Respect. Rispetto.
Così si chiamava una coalizione di sinistra di alternativa.
Il rispetto non è autoritarismo, dominazione, imposizione, dito puntato contro qualcuno per accusarlo di essere “irrispettoso”.
Il rispetto è spontaneità, è libertario per natura, è anarchico o non è.
Il rispetto è partecipazione all’armonia di una, per ora, improbabile (ma non impossibile) vita umana globale.
Il rispetto è l’equilibrio su cui poggia la libertà dei rapporti personali con quelli personali di altri.

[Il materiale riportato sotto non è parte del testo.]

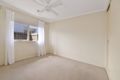 Property photo of 4/5 Cooper Street Essendon VIC 3040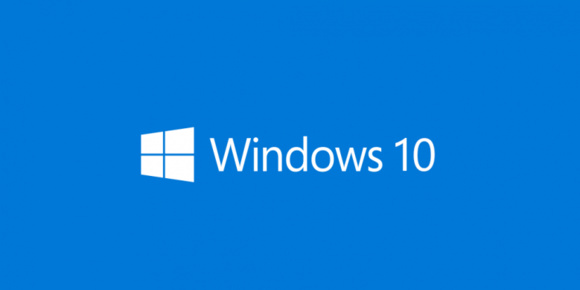 windows 10 logo 2 100588484 large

Liberiamoci dalla libertà come feticcio da invocare ed esibire a sé stante.
Cerchiamo invece di realizzarla attraverso il rispetto che è svincolo dalla schiavitù tra capitale e lavoro, slacciamento dei rapporti di dipendenza di qualunque tipo, emancipazione personale nel contesto sociale.

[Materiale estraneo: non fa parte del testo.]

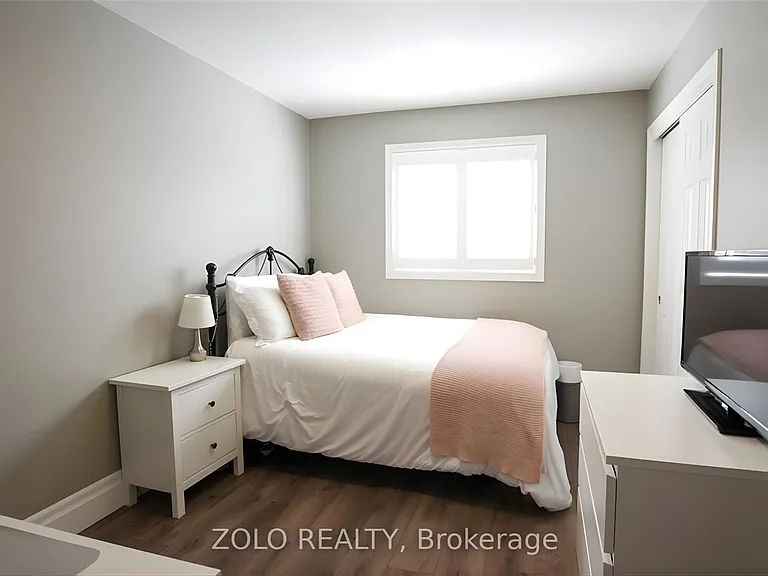 29 Summers Dr — Photo 17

Il rispetto è libertario e per questo è anche costituzionale: costituente dell’individuo nel suo essere cittadino (giacobinamente inteso).

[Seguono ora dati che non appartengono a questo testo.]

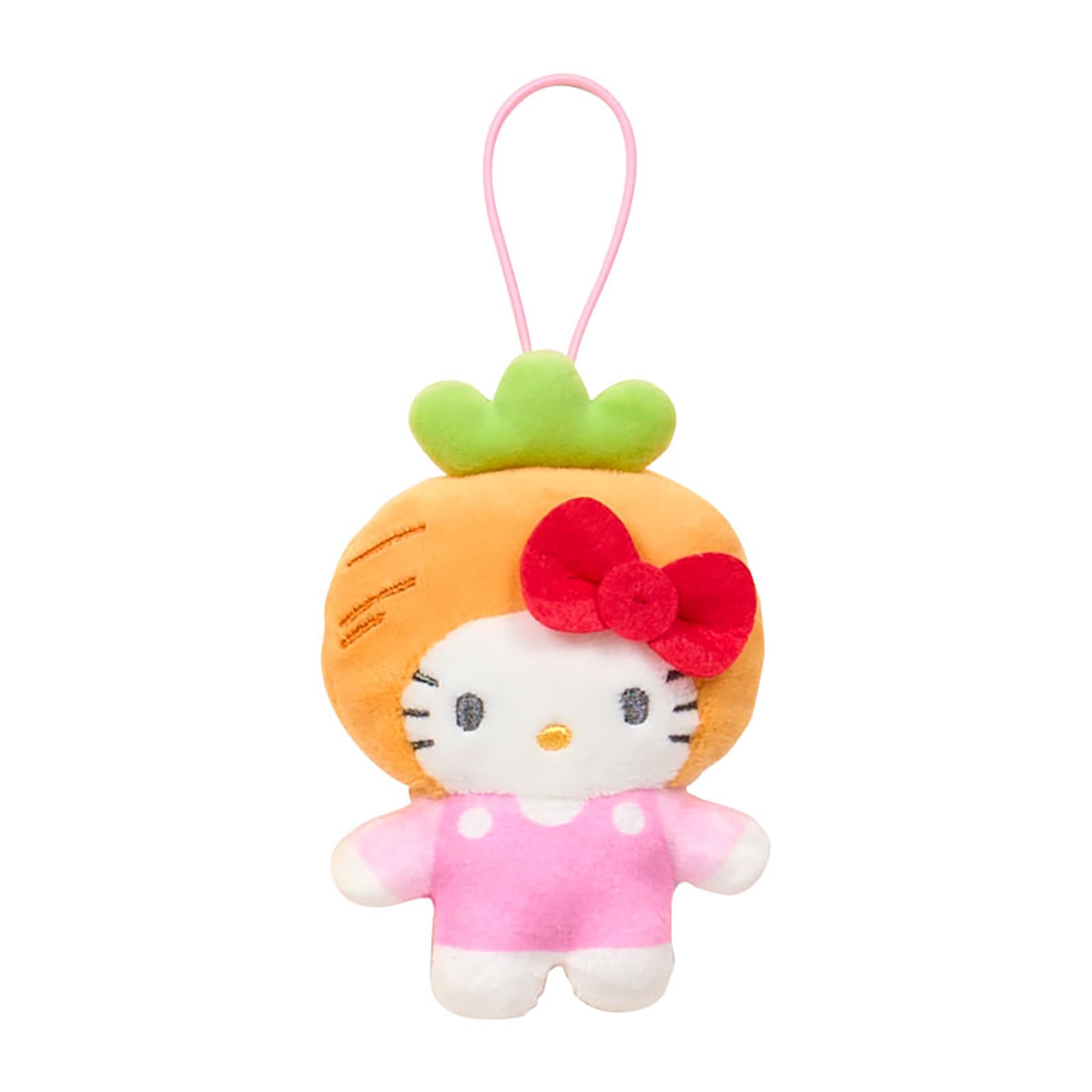 Amazon.co.jp: サンリオ(SANRIO) シークレットマスコット（わたしの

Il rispetto è verità: ogni parola rispettata è un significante che ha un significato in sé stessa e che non assume le ambigue e perfette fattezze dell’ipocrisia di una inflazione delle dicerie, così amplificate da tante bocche “tanto per dire”, per inserirsi nel contesto del coro e sentirsi meno soli.
Il rispetto manca. E’ assente dalle nostre vite. La pre-potenza ci anima, ci gestisce, ci ispira e ci maledice: dice male di noi che vorremmo in buona fede (santa, rara buona fede!) vivere senza far del male, ed invece ne facciamo. Anche, soprattutto inconsapevolmente.
Manca il rispetto perché manca la coscienza sociale, critica: quella che ti fa pensare e non semplicemente contemplare il mondo aspettando che qualche demiurgo arrivi e gestisca il tutto dall’alto.
Il rispetto manca e riconquistarlo a noi stessi è gesto rivoluzionario.